::: The records
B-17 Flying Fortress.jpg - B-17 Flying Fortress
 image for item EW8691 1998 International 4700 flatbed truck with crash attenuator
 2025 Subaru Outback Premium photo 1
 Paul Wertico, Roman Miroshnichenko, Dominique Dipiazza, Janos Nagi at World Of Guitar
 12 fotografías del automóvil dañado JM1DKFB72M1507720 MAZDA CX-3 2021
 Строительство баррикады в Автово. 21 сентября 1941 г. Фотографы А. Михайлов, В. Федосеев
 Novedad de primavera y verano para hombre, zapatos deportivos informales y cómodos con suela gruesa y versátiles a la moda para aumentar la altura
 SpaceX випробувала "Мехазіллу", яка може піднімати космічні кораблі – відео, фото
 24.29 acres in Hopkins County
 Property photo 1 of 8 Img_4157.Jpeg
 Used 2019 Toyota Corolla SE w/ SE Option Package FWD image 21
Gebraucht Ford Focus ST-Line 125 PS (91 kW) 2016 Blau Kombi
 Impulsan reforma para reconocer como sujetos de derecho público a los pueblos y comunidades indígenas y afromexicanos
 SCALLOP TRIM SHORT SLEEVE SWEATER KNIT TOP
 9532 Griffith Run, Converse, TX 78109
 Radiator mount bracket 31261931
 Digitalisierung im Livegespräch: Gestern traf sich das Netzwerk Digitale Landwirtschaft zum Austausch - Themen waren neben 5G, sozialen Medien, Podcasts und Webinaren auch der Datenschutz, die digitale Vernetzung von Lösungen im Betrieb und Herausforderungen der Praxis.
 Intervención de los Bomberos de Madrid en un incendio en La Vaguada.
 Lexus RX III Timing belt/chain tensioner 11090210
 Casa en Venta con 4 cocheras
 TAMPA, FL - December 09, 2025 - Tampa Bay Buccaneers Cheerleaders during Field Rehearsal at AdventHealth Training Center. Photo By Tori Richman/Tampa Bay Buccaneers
::::::
■ **Goal of the exercise**
Taking the records above line by line, count those that hold the word "image"; the number is the entire answer.

■ **Written response**
2